I had a chance to dabble with Electron for an internal project where I work, and it turned into one of those experiences that teaches more than expected.
The application used React for the interface and a C project for the backend. That mix was interesting because the UI could move at the pace of a modern web app, while the backend stayed close to the lower-level code that already made sense for the problem.
The part I enjoyed most was learning how the pieces connect. A desktop app is not only the screens people click through. It also has to know where its backend lives, how to start it, how to talk to it, how to package it, and how to make the whole thing feel like one application instead of two projects taped together.

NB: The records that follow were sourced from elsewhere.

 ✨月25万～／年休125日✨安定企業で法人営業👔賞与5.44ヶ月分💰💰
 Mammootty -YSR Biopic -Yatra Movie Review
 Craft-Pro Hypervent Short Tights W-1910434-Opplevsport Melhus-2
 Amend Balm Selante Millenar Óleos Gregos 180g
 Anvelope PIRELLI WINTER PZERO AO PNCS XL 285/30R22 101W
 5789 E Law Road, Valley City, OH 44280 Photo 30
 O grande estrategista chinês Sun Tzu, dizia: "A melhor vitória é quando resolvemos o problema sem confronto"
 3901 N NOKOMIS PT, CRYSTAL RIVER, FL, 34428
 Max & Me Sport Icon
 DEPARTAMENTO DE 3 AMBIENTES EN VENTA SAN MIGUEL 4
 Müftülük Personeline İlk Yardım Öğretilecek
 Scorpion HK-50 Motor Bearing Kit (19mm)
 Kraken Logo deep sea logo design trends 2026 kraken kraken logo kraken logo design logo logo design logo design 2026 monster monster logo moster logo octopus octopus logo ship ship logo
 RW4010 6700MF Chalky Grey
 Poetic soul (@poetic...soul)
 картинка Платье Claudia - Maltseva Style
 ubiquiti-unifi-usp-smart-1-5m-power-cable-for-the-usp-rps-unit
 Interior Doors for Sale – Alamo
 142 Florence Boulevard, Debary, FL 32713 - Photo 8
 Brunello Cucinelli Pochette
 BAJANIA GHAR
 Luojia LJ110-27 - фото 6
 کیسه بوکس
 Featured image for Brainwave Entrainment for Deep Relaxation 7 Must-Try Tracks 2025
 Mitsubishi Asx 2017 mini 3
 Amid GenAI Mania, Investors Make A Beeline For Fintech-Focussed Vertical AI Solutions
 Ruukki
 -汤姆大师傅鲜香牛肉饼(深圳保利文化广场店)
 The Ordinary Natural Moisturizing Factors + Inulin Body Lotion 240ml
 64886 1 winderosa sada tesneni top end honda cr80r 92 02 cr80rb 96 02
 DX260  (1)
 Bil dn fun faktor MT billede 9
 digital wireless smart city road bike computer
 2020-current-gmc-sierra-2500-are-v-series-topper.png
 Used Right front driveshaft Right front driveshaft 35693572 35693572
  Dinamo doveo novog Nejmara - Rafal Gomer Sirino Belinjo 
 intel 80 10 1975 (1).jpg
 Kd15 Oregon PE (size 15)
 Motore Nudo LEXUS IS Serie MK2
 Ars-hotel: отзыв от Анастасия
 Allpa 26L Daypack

That meant spending time with the build and release side of Electron. I learned how to compile the application and produce installers for different platforms, including AppImage, deb, rpm, and Windows exe installers. I also learned about creating a standalone portable Windows build, which made me think more carefully about where files live and what assumptions an app makes once it leaves the development machine.
The Windows side was especially useful. I had to change the C project so it could be built as an exe, then make the main Electron application use that executable as part of its workflow. That gave me a better appreciation for the boundary between a user-facing desktop shell and the system-level work happening behind it.
Electron gets criticized for being heavy, and sometimes that criticism is fair. But for this kind of internal tool, it made a lot of practical sense. React made the interface approachable, the C backend kept the important existing logic usable, and Electron gave us a way to package the whole thing into something people could actually install and run.
The experience made desktop development feel less mysterious. It was not just about writing UI or compiling native code. It was about learning the full path from source code to something usable on another machine.